Cloud Provider Dependencies¶
# Amazon S3
pip install s3fs
# Google Cloud Storage
pip install gcsfs
# Azure Blob Storage
pip install adlfs
# SFTP
pip install sshfs
Basic Usage¶
Backend Registration¶
from advanced_alchemy.types.file_object import storages
from advanced_alchemy.types.file_object.backends.fsspec import FSSpecBackend
# Register backend
storages.register_backend(FSSpecBackend(
key="local",
fs="file",
prefix="/var/app/uploads",
))
Using in Models¶
from sqlalchemy.orm import Mapped, mapped_column
from advanced_alchemy.base import UUIDAuditBase
from advanced_alchemy.types import FileObject, StoredObject
class Document(UUIDAuditBase):
__tablename__ = "documents"
title: "Mapped[str]"
file: "Mapped[Optional[FileObject]]" = mapped_column(
StoredObject(backend="local")
)
Local Filesystem¶
Basic Setup¶
from advanced_alchemy.types.file_object.backends.fsspec import FSSpecBackend
storages.register_backend(FSSpecBackend(
key="local",
fs="file",
prefix="/var/app/uploads",
))
Auto-Create Directories¶
import fsspec
fs = fsspec.filesystem("file", auto_mkdir=True)

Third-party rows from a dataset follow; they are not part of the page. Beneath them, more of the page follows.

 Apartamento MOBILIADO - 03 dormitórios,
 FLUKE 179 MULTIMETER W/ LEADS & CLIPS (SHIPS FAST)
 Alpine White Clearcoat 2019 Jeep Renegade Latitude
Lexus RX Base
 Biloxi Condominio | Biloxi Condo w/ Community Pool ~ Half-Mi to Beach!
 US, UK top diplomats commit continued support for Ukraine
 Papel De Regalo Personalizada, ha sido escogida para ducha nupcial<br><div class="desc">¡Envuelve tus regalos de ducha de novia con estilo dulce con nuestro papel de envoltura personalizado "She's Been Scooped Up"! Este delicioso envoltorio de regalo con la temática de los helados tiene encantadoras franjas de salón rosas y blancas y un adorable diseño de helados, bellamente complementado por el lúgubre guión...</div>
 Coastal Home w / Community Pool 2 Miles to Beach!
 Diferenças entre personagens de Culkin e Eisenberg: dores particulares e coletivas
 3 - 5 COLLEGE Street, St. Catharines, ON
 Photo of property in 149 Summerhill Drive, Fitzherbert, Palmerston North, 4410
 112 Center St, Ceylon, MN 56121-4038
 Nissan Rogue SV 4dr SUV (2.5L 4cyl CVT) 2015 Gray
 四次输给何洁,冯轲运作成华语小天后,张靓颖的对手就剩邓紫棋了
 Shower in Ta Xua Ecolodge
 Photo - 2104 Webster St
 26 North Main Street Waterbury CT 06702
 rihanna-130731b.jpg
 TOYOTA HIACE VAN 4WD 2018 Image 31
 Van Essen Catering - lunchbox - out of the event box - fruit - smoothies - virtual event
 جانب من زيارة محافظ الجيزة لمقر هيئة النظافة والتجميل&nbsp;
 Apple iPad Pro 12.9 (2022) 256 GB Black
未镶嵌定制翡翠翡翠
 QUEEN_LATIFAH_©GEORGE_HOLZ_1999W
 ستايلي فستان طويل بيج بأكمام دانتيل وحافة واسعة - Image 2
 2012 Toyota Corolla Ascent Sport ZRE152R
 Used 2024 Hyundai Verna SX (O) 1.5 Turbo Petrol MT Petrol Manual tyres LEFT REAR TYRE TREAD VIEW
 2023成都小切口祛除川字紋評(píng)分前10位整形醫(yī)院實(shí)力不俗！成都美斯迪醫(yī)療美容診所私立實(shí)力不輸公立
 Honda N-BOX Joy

storages.register_backend(FSSpecBackend(
key="local",
fs=fs,
prefix="/var/app/uploads",
))
Amazon S3¶
Basic Configuration¶
import fsspec
from advanced_alchemy.types.file_object.backends.fsspec import FSSpecBackend
s3_fs = fsspec.filesystem(
"s3",
key="AWS_ACCESS_KEY_ID",
secret="AWS_SECRET_ACCESS_KEY",
endpoint_url="https://s3.amazonaws.com",
)
storages.register_backend(FSSpecBackend(
key="s3-documents",
fs=s3_fs,
prefix="my-bucket/documents",
))
IAM Role Authentication¶
# Use IAM role (EC2, ECS, Lambda)
s3_fs = fsspec.filesystem("s3")
storages.register_backend(FSSpecBackend(
key="s3-documents",
fs=s3_fs,
prefix="my-bucket/documents",
))
S3-Compatible Services¶
MinIO, DigitalOcean Spaces, Cloudflare R2:
# MinIO
minio_fs = fsspec.filesystem(
"s3",
key="minioadmin",
secret="minioadmin",
endpoint_url="http://localhost:9000",
use_ssl=False,
)
storages.register_backend(FSSpecBackend(
key="minio",
fs=minio_fs,
prefix="my-bucket",
))
# Cloudflare R2
r2_fs = fsspec.filesystem(
"s3",
key="R2_ACCESS_KEY_ID",
secret="R2_SECRET_ACCESS_KEY",
endpoint_url="https://account-id.r2.cloudflarestorage.com",
)
storages.register_backend(FSSpecBackend(
key="r2",
fs=r2_fs,
prefix="my-bucket",
))
Google Cloud Storage¶
Service Account¶
import fsspec
from advanced_alchemy.types.file_object.backends.fsspec import FSSpecBackend
gcs_fs = fsspec.filesystem(
"gcs",
token="/path/to/service-account.json",
project="your-project-id",
)
storages.register_backend(FSSpecBackend(
key="gcs-files",
fs=gcs_fs,
prefix="my-bucket/files",
))
Default Credentials¶
# Use application default credentials
gcs_fs = fsspec.filesystem("gcs", token="google_default")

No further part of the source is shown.